Commuters browse on their smartphones as they wait

Commuters browse on their smartphones as they wait for a train in a subway station in New York on July 1, 2016. Photo Credit: AFP / Getty Images / Jewel Samad

Members of the MTA board on Monday revived talks about installing platform doors after a recent uptick in train deaths.

There have been at least eight commuters who’ve died after being struck by trains since October, according to MTA data. Some deaths were deemed suicides, others were the result of people being pushed, police have said.

David Jones, an MTA board member and president of the Community Service Society of New York, pitched installing platform doors at some of the busiest stations in part as a way to cut down on the number of deaths.

“We’re still resonating from the murder that was committed on the subway and the suicides…” said Jones at an MTA committee meeting. “(Doors) won’t eliminate all that but, clearly, as my daughter rides the train, I think many parents of young people of all ages would be reassured with some protective devices — particularly at the overcrowded stations.”

Another board member, Charles Moerdler, pitched platform doors as a mean to cut back on overcrowding, the most common cause of delayed trains. This September, overcrowding caused 21,935 train delays—about 39 percent of all delays from the month.

“This can’t go on. This just cannot go on,” Moerdler said. “The public is entitled to better.”

Ronnie Hakim, the MTA New York City Transit president, said that platform doors could “present some feasibility challenges for the transit authority.”

Those challenges include the unique features of train cars and station platforms. Car models vary in length and are built with either three or four doors, depending on the design. Some platforms are curved, others feature columns close to the platform edge.

On top of that, the agency has long insisted that installing and maintaining platform doors could be extremely pricey. Though Kevin Ortiz, an MTA spokesman, said the agency would be studying the feasibility of installing doors.

“In the meantime, we are continuing with the intrusion detection pilot that is testing new technologies which generates an alarm transmitted to the rail control center,” Ortiz said in an email, “and automatically alerts a train operator approaching the station that someone may be on the tracks.”

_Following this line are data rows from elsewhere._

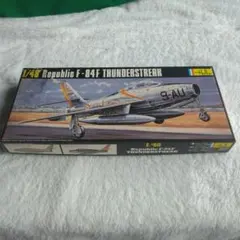 Heller 1/48 Republic F-84F サンダーストリークのサムネイル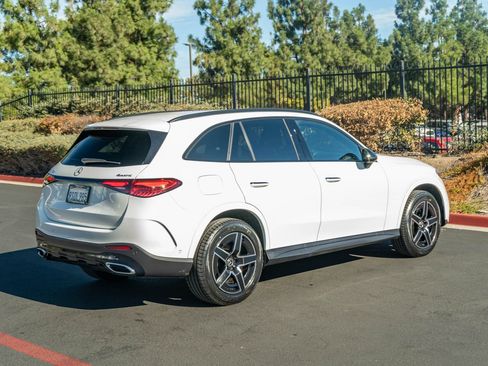 Used 2025 Mercedes-Benz GLC 300 4MATIC image 12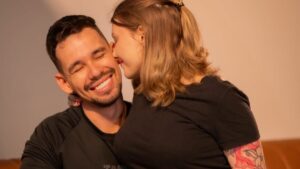 Lucas Borbas emociona ao homenagear Isabel Veloso no Dia das Mães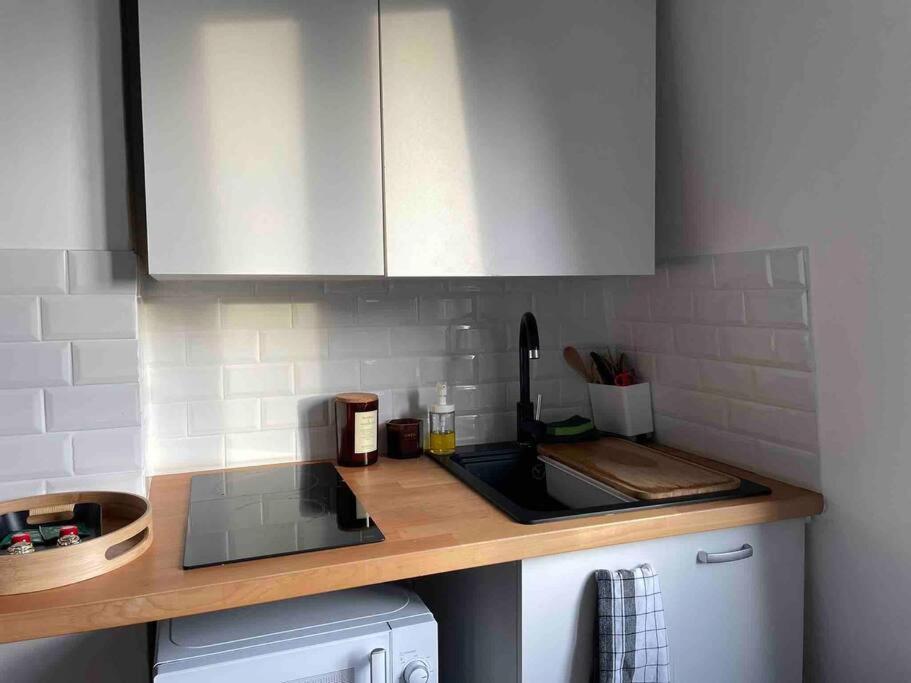 Studio Contemporain Dans 12eme Arrondissement Apartamento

Hakim believes delays could be cut back with better platform organization. She said the agency will be expanding its platform controller program. Beginning in December 2015, the agency deployed 115 controllers and six supervisors to shine flashlights and instruct commuters loading and unloading from platforms — mostly concentrated along the Lexington Avenue line and Hoyt-Schermerhorn Street station during morning peak hours.

The MTA said that the controllers have led to a decrease in the time trains spend in stations, but couldn’t elaborate with specific numbers to highlight the improvement. Next year, the agency will tack on another 30 controllers, three managers and two more surpervisors to oversee both morning and evening rush hour crowds at the targeted stations.

“The other issue going forward is what can we do — notwithstanding needing more rolling stock, notwithstanding the need of Automated Train Control,” Hakim said. “One of the key things that has been successful is the use of platform controllers.”

Correction: An earlier version of this article misidentified Charles Moerdler as James Moerdler.